**Exercise aim**.
With the pictures left out, retype exactly the lines below starting at the line that contains "2004 HONDA ELEMENT" and ending at the line that contains "Alternative view of".
Available data Block Start
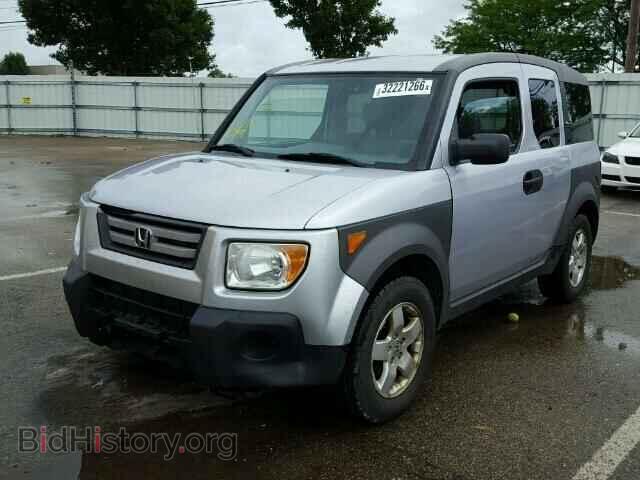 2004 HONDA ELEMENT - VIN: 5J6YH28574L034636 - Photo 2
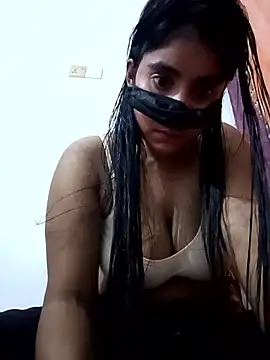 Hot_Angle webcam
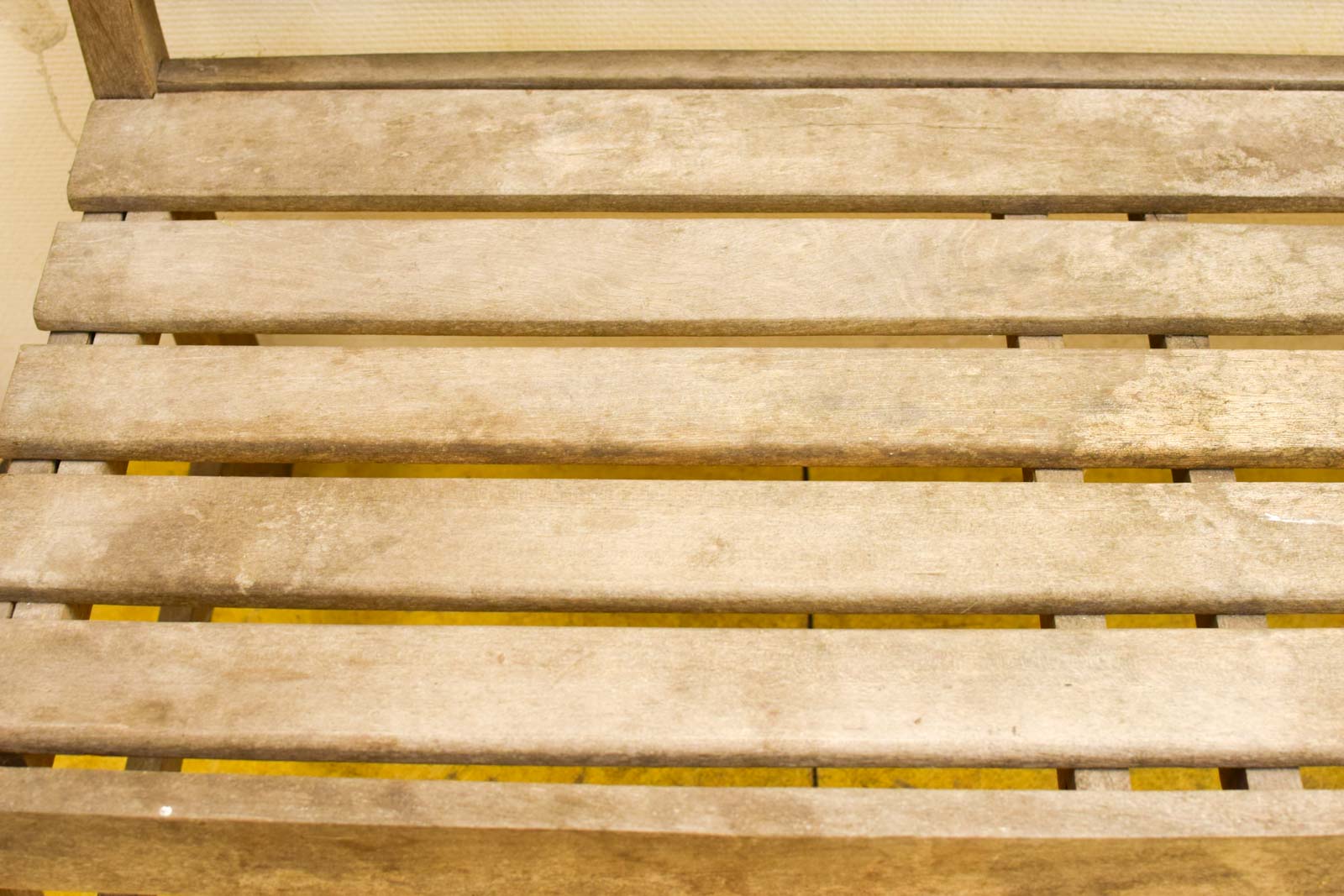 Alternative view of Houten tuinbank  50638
Available data Block End
Available data Block Start
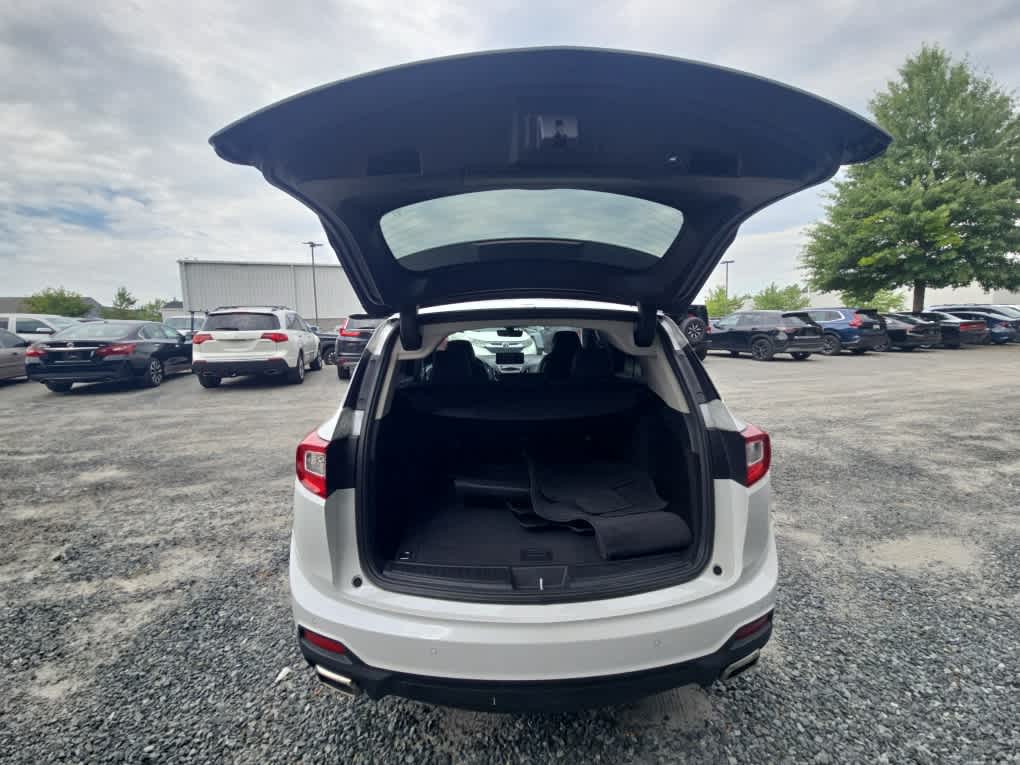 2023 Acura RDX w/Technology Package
Available data Block End
Available data Block Start
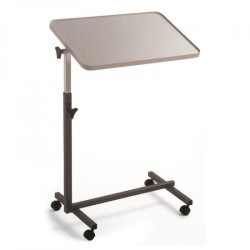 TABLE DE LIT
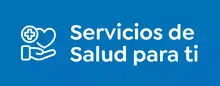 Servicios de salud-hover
Available data Block End
**Result of the task**.
 2004 HONDA ELEMENT - VIN: 5J6YH28574L034636 - Photo 2
 Hot_Angle webcam
 Alternative view of Houten tuinbank  50638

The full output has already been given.